Two search bars in one php page

Question

I have two search bars in one php page, but second doesnt work. I have radio button group:

<form>
    <p><input type="radio" value="com" name="radioPM" />One</p>  
    <p><input type="radio" value="all" name="radioPM" />Two</p>  
</form>

with some jQuery, which showing div, depending on the radio selection:

<script>
    $(document).ready(function () {
        $('input[type=radio][name=radioPM]').change(function () {
            if (this.value == 'com') {
                $("#comDiv").show();
                $("#allDiv").hide();
            } else if (this.value == 'all') {
                $("#allDiv").show();
                $("#comDiv").hide();
            }
        });
    });
</script>

after that, I have two divs, which each of them has inside his own search bar:

<div id ='comDiv' style="display:none">

    <input type="text" id="myInput" onkeyup="searchByName()" placeholder="search..." title="search...">

    <?php
    include_once('query_1.php');

    echo "<table border='1' id='myTable'>
                    <tr>
                        <th>One</th>
                        <th>Two</th>
                    </tr>";

    while ($row = mysqli_fetch_array($query_1)) {
        echo "<form method=\"post\"><tr>";
        echo "<td>" . $row['ONE'] . "</td>";
        echo "<td>" . $row['TWO'] . "</td>";
        echo "</tr></form>";
    }
    echo "</table>";
    ?><br>

</div>

<div id ='allDiv' style="display:none">

    <input type="text" id="myInput" onkeyup="searchByName()" placeholder="search..." title="search...">

    <?php
    include_once('query_2.php');

    echo "<table border='1' id='myTable'>
                    <tr>
                        <th>One</th>
                        <th>Two</th>
                    </tr>";

    while ($row = mysqli_fetch_array($query_2)) {
        echo "<form method=\"post\"><tr>";
        echo "<td>" . $row['ONE'] . "</td>";
        echo "<td>" . $row['TWO'] . "</td>";
        echo "</tr></form>";
    }
    echo "</table>";
    ?><br>

</div>

and finally at the end i have script with function of search bar:

<script>
    function searchByName() {
        var input, filter, table, tr, td, i;
        input = document.getElementById("myInput");
        filter = input.value.toUpperCase();
        table = document.getElementById("myTable");
        tr = table.getElementsByTagName("tr");
        for (i = 0; i < tr.length; i++) {
            td = tr[i].getElementsByTagName("td")[1];
            if (td) {
                if (td.innerHTML.toUpperCase().indexOf(filter) > -1) {
                    tr[i].style.display = "";
                } else {
                    tr[i].style.display = "none";
                }
            }
        }
    }
</script>

My problem is, that if I select first option (value=com) everything works fine, comDiv appears, search bar searches in table from mysql DB. But if i choose second option (value=all),comDiv hides, and allDiv appears, data from mysql DB shows, but search bar not working.
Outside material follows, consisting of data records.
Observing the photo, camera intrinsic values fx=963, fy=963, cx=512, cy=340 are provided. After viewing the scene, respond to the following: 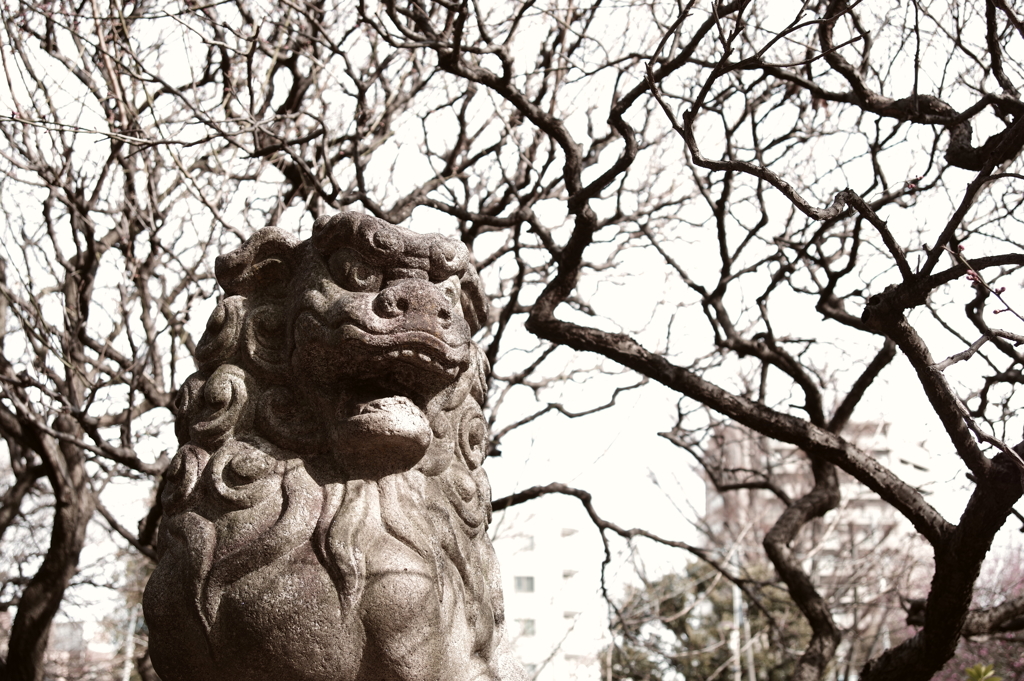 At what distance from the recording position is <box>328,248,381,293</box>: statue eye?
2.65 m

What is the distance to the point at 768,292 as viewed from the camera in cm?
538

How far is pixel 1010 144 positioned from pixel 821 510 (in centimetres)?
322

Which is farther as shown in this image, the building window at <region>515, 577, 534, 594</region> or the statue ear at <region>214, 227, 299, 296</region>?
the building window at <region>515, 577, 534, 594</region>

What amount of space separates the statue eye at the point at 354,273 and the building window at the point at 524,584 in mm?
22223

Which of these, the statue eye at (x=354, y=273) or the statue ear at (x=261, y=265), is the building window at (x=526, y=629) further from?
the statue eye at (x=354, y=273)

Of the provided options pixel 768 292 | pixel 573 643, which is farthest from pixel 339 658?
pixel 573 643

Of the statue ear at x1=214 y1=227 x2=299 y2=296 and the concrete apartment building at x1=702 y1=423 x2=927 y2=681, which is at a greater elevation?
the concrete apartment building at x1=702 y1=423 x2=927 y2=681

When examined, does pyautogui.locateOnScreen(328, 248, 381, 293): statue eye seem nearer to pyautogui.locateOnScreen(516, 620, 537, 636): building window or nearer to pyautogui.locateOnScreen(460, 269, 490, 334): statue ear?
pyautogui.locateOnScreen(460, 269, 490, 334): statue ear

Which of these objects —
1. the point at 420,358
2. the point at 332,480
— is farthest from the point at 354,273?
the point at 332,480

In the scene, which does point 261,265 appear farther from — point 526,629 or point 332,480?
point 526,629

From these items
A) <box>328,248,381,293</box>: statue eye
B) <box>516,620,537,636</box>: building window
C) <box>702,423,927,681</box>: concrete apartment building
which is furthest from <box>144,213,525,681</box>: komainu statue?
<box>516,620,537,636</box>: building window

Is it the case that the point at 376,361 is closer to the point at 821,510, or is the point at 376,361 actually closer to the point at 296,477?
the point at 296,477

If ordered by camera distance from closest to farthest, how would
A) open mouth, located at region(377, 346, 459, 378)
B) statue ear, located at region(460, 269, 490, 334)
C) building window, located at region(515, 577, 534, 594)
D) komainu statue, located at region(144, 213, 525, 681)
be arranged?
komainu statue, located at region(144, 213, 525, 681) → open mouth, located at region(377, 346, 459, 378) → statue ear, located at region(460, 269, 490, 334) → building window, located at region(515, 577, 534, 594)

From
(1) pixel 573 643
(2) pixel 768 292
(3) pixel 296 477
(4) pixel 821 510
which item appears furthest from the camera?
Result: (1) pixel 573 643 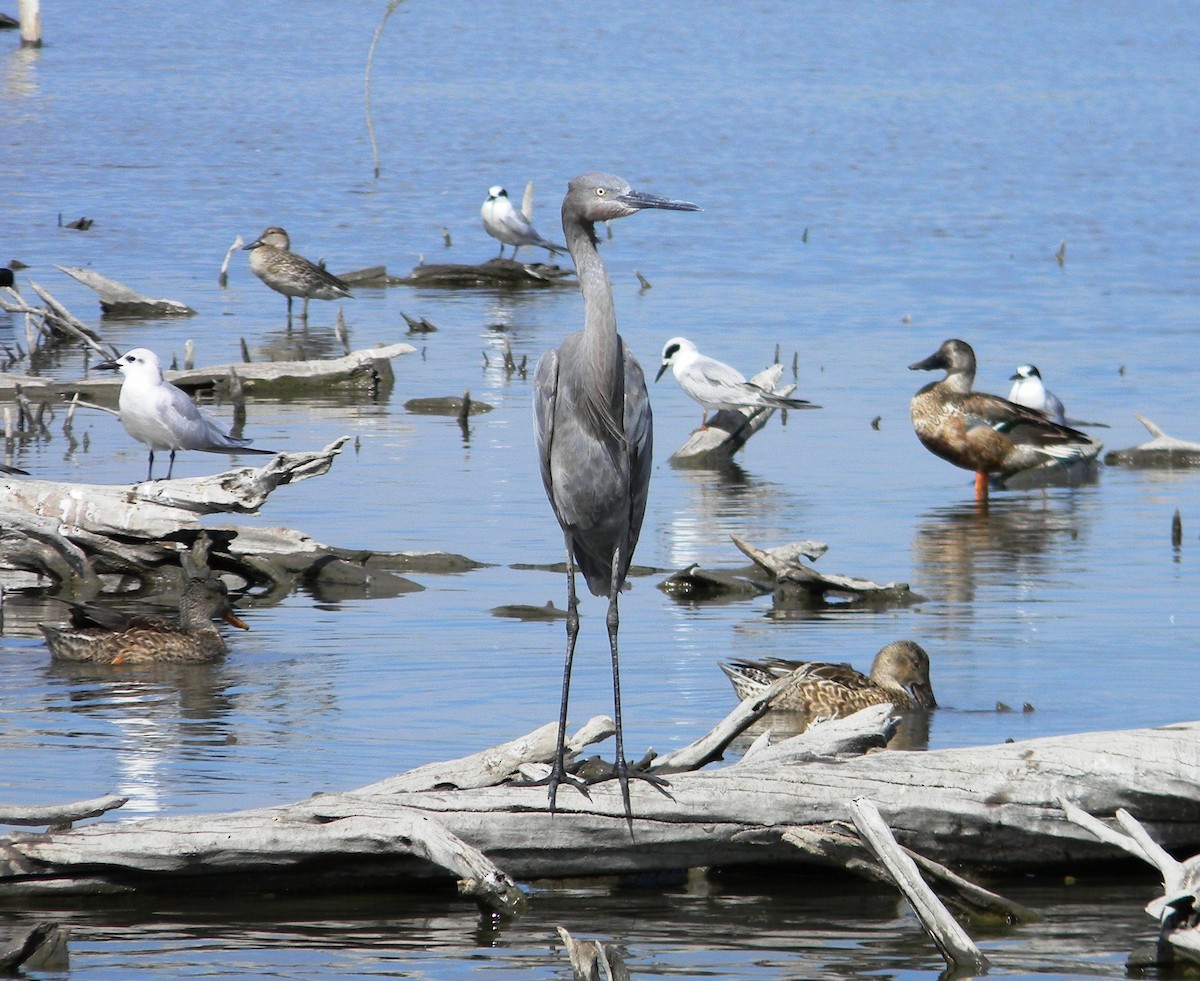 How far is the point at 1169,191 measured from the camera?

Can you please help me, what im doing wrong?

Answer 1

id must be unique within the HTML document(myInput and myTable used twice)
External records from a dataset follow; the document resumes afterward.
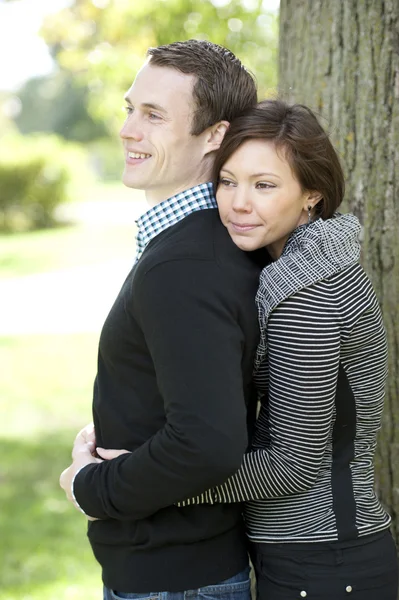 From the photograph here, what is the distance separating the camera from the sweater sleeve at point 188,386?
1687 millimetres

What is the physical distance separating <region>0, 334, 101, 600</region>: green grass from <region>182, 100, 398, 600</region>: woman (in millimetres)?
2712

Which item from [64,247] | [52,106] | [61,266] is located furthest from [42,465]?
[52,106]

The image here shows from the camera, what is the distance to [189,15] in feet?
18.9

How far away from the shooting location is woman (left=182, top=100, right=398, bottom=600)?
1.81 meters

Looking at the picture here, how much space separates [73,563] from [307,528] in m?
3.21

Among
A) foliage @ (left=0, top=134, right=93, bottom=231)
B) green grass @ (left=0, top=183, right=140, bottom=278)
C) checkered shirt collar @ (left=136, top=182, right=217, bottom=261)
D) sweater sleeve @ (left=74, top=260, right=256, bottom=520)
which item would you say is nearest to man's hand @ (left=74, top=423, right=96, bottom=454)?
sweater sleeve @ (left=74, top=260, right=256, bottom=520)

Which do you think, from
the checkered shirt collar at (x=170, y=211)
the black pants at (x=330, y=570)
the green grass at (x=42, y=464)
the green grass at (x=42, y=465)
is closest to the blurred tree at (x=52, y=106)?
the green grass at (x=42, y=464)

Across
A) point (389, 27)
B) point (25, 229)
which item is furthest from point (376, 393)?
point (25, 229)

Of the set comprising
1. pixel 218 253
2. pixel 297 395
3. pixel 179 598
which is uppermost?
pixel 218 253

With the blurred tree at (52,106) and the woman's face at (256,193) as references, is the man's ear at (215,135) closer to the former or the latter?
the woman's face at (256,193)

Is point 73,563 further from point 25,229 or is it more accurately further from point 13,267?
point 25,229

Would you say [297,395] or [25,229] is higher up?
[297,395]

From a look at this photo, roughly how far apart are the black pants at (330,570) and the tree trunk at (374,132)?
2.55 feet

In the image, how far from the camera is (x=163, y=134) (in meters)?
2.01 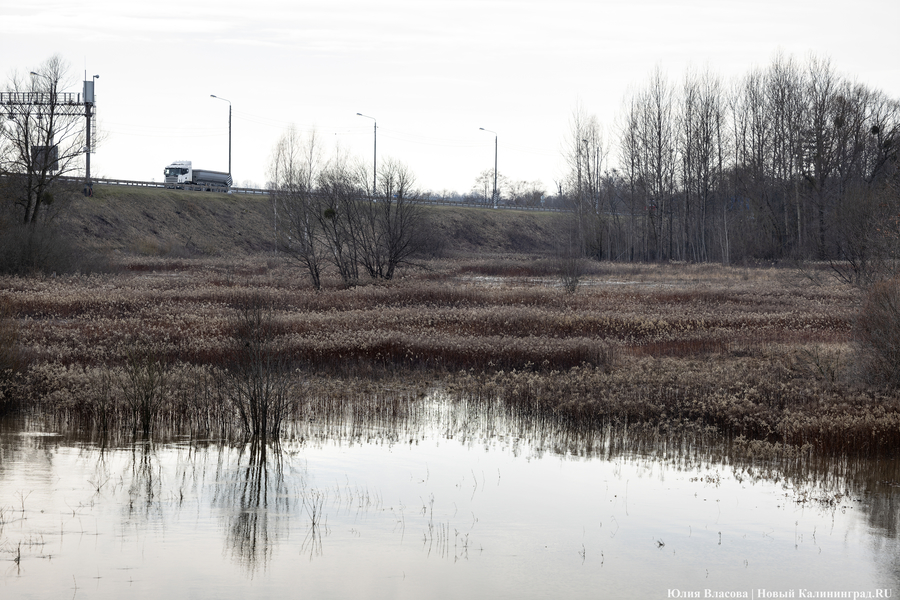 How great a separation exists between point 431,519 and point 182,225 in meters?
58.5

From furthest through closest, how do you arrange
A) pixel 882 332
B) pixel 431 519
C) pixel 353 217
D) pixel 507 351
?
pixel 353 217, pixel 507 351, pixel 882 332, pixel 431 519

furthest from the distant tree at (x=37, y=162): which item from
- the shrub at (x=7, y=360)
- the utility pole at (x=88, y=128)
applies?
the shrub at (x=7, y=360)

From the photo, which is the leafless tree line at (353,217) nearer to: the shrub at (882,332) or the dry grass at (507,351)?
the dry grass at (507,351)

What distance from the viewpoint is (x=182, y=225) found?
6228cm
you can update your code like below or use conman search box

<input type="text" id="myInput1" onkeyup="searchByName('myInput1','myTable1')" placeholder="search..." title="search..."> // id as searchByName parameter 

<input type="text" id="myInput2" onkeyup="searchByName('myInput2','myTable2')" placeholder="search..." title="search...">

<script>
    function searchByName(myInput,myTable) {
        var input, filter, table, tr, td, i;
        input = document.getElementById(myInput);
        filter = input.value.toUpperCase();
        table = document.getElementById(myTable);
        tr = table.getElementsByTagName("tr");
        for (i = 0; i < tr.length; i++) {
            td = tr[i].getElementsByTagName("td")[1];
            if (td) {
                if (td.innerHTML.toUpperCase().indexOf(filter) > -1) {
                    tr[i].style.display = "";
                } else {
                    tr[i].style.display = "none";
                }
            }
        }
    }
</script>

and change table id echo "<table border='1' id='myTable1'> and "<table border='1' id='myTable2'>

Answer 2

I think you should give specific selector in function searchByName(). Because both table have same id "myTable".Eeither you should change table ids or you can specify like $("#comDiv").find("myTable") and $("#allDiv").find("myTable").